ANDILE NTINGI: Eastern Cape’s plucky housebuilders leave unreliable municipalities behind
A housing boom in the old Transkei is going ahead despite a lack of title deeds and bank finance
There was a time when Nelson Mandela’s house in Qunu, along the N2 highway near Mthatha, was the only modern marvel in an area that traditionally built its houses from mud. Not any more. These days, Madiba’s house has serious competition.
A housing boom is taking place along the N2 section that runs through the former Transkei. But it is a boom that is different from the ones we have seen elsewhere.
The obvious distinctiveness of this boom is that mud-built rondavels, their roofs draped in thatch and floors paved with cow dung, have given way to modern architecture, similar to that found in the upmarket residential suburbs of Cape Town, Johannesburg and Durban.

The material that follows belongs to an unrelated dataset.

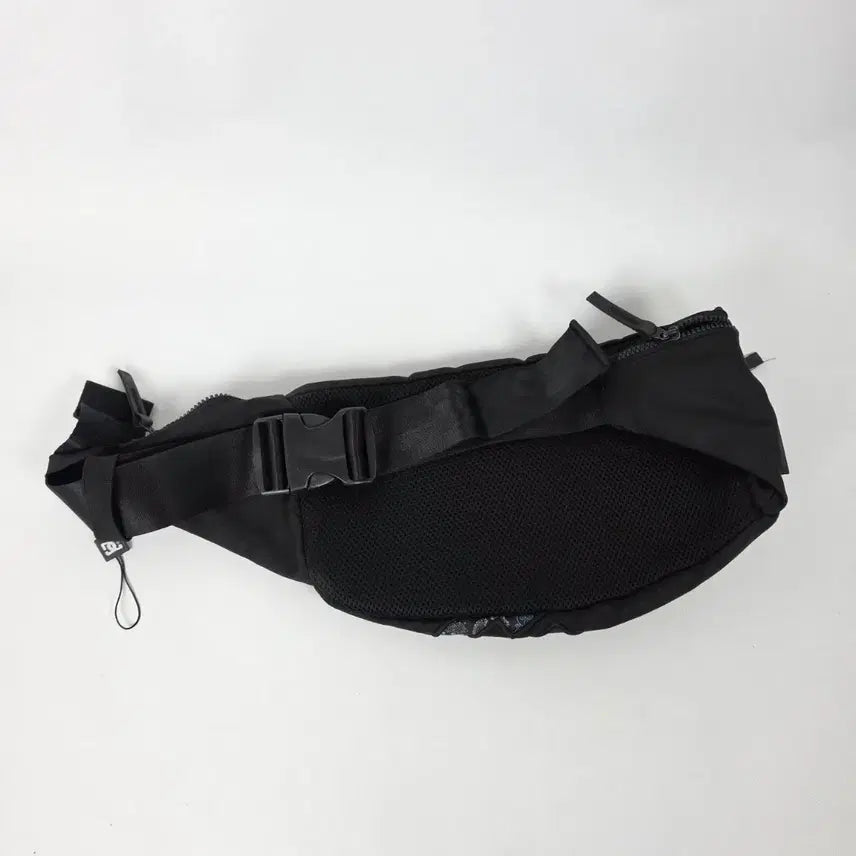 [BUNJANG] DC Studded Vintage Ethnic Black Hip Bag Crossbody Sling Bag / DC 스터드 빈티지 에스닉 블랙 힙색 바디크로스백 슬링백 0511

There are other differences that are not noticeable to the naked eye, but are there nonetheless. One of these is that this market has grown without bank loans, as many of the owners of the double-storey mansions and multistructure homesteads do not have formal title deeds to use as collateral. This has not discouraged them from digging deep into their wallets to build the homes of their dreams in an area now considered prime land because of its proximity to the best road in the former Transkei.
While this boom has not succeeded in drawing in commercial banks, it is attracting the attention of fortune-seekers operating retail shops and hardware stores, eager to make a quick buck from the middle-class consumers, many of whom park luxury SUVs and double-cab bakkies in their yards and garages.
These are socially mobile individuals who have come to terms with living in a developing country, and that if they wait for First World solutions (title deeds and bank loans) to solve their hunger for land they may never have their own homes as home ownership is prohibitively expensive in the First World parts of SA.
So they resort to acquiring parcels of communally-owned land, allocated by tribal chiefs for as little as R300 and a bottle of brandy. Some have acquired land this way and built B&Bs and flats to lease to workers and students living close to the towns situated along the N2.
But where does the wealth fuelling the mushrooming of these middle-class settlements come from?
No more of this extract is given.